An exact copy of all the data, minus the images, is required.

> **Recorded data**:
★ ★ ★ ★ ★ ★ ★

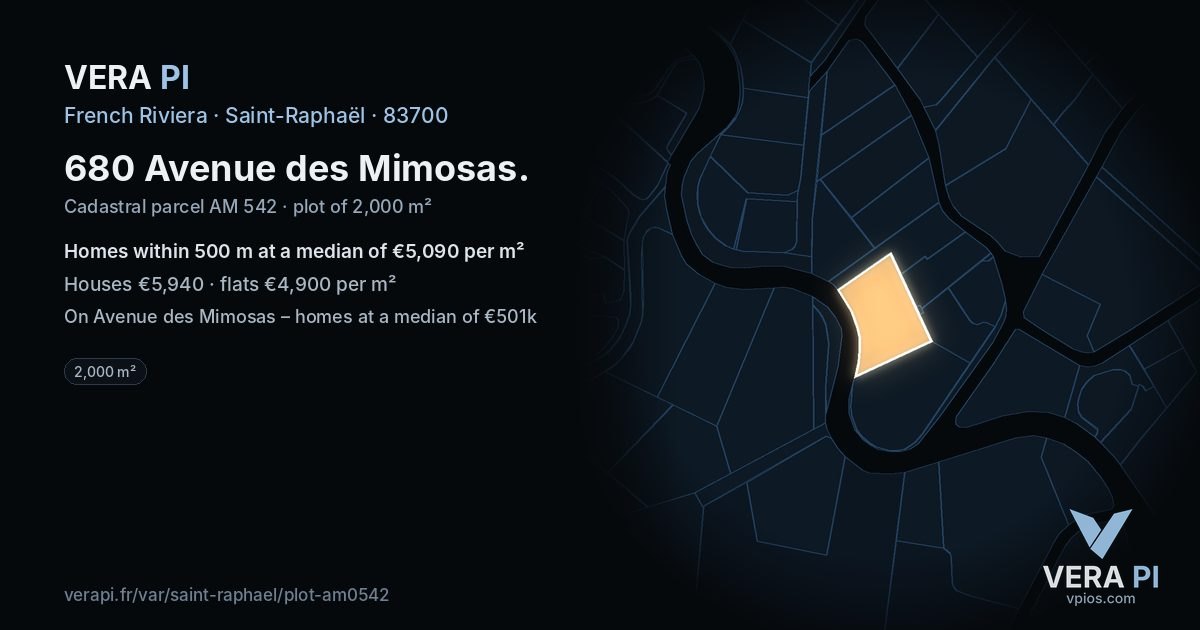 680 Avenue des Mimosas, Saint-Raphaël at night – the plot lit, the parcels around coloured by the prices near them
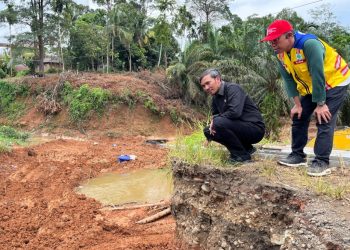 Anggota DPR-RI, Edi Purwanto Meninjau Lokasi Jalan Putus di Jalan LIntas Bungo-Dharmasraya. FOTO: IST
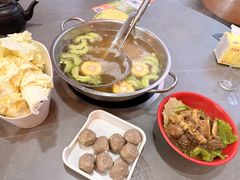 官塘牛肉火锅-官塘陈记鱼生·潮汕砂锅粥·潮汕生腌牛肉火锅(潮枫路总店)
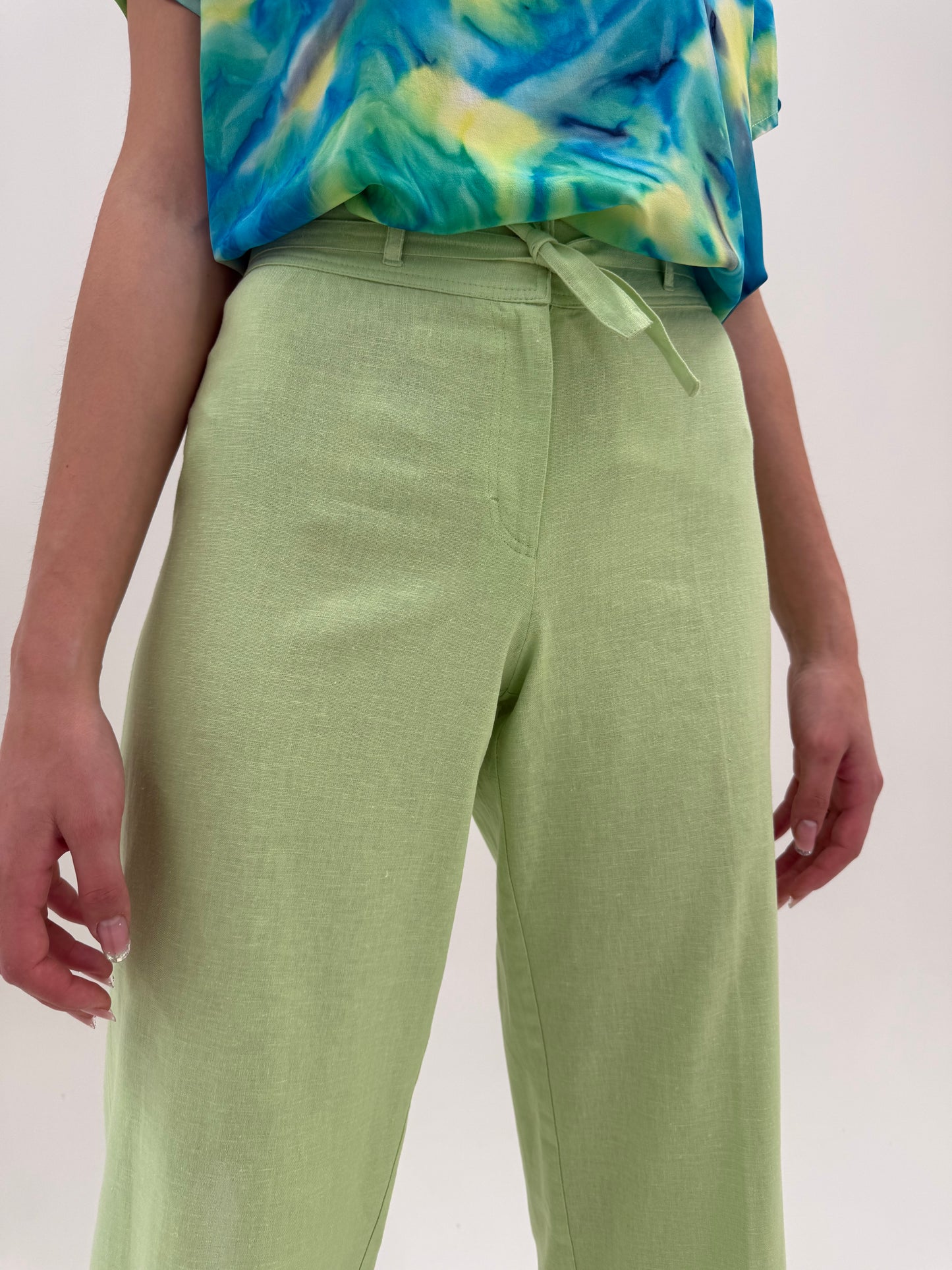 Pantaloni verde crud din pânză de in cu vascoza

★ ★ ★ ★ ★ ★ ★

> **Problem solution**:
 680 Avenue des Mimosas, Saint-Raphaël at night – the plot lit, the parcels around coloured by the prices near them
 Anggota DPR-RI, Edi Purwanto Meninjau Lokasi Jalan Putus di Jalan LIntas Bungo-Dharmasraya. FOTO: IST
 官塘牛肉火锅-官塘陈记鱼生·潮汕砂锅粥·潮汕生腌牛肉火锅(潮枫路总店)
 Pantaloni verde crud din pânză de in cu vascoza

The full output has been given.